=== Section Start ===

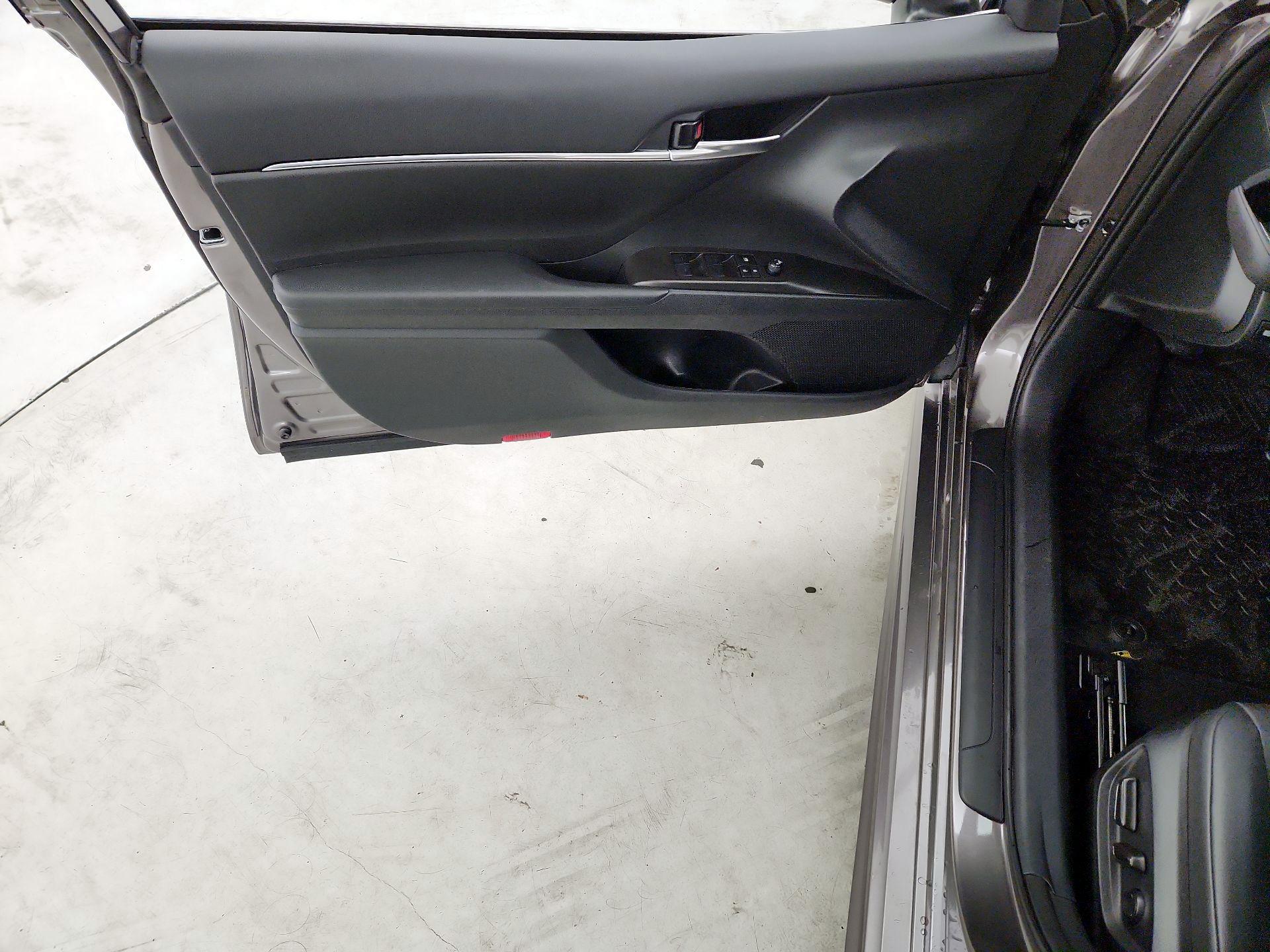 Thumbnail: 2024 Toyota Camry - 12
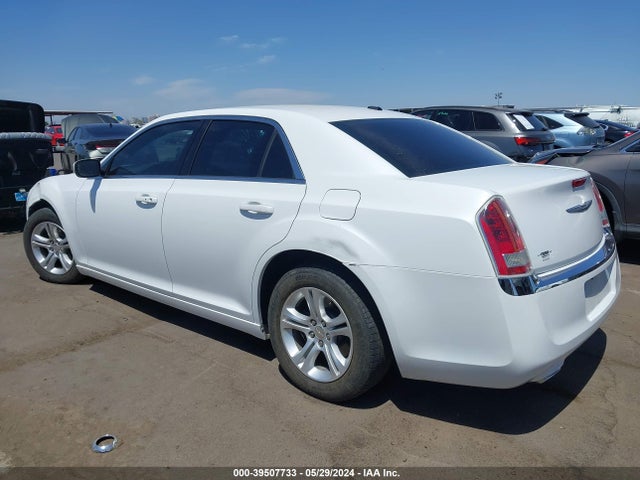 2013 Chrysler 300 Motown მანქანა იყიდება აუქციონზე, vin: 2C3CCAAGXDH520623, აუქციონის ნომერი: 39507733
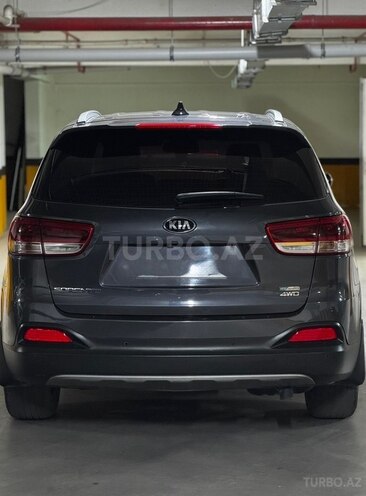 Kia Sorento-2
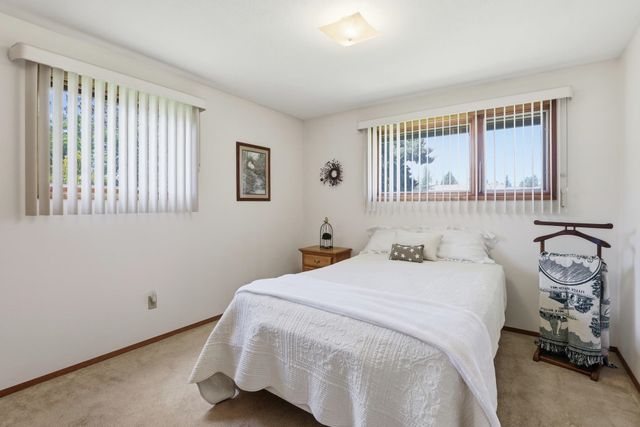 10015 E 18th Ave, Spokane Valley, WA 99206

=== Section End ===

→ Task brief
Exact reproduction is required for the lines from the one containing "2013 Chrysler 300" through the end of the material, and for those lines only, without pictures.

→ Answer box
 2013 Chrysler 300 Motown მანქანა იყიდება აუქციონზე, vin: 2C3CCAAGXDH520623, აუქციონის ნომერი: 39507733
 Kia Sorento-2
 10015 E 18th Ave, Spokane Valley, WA 99206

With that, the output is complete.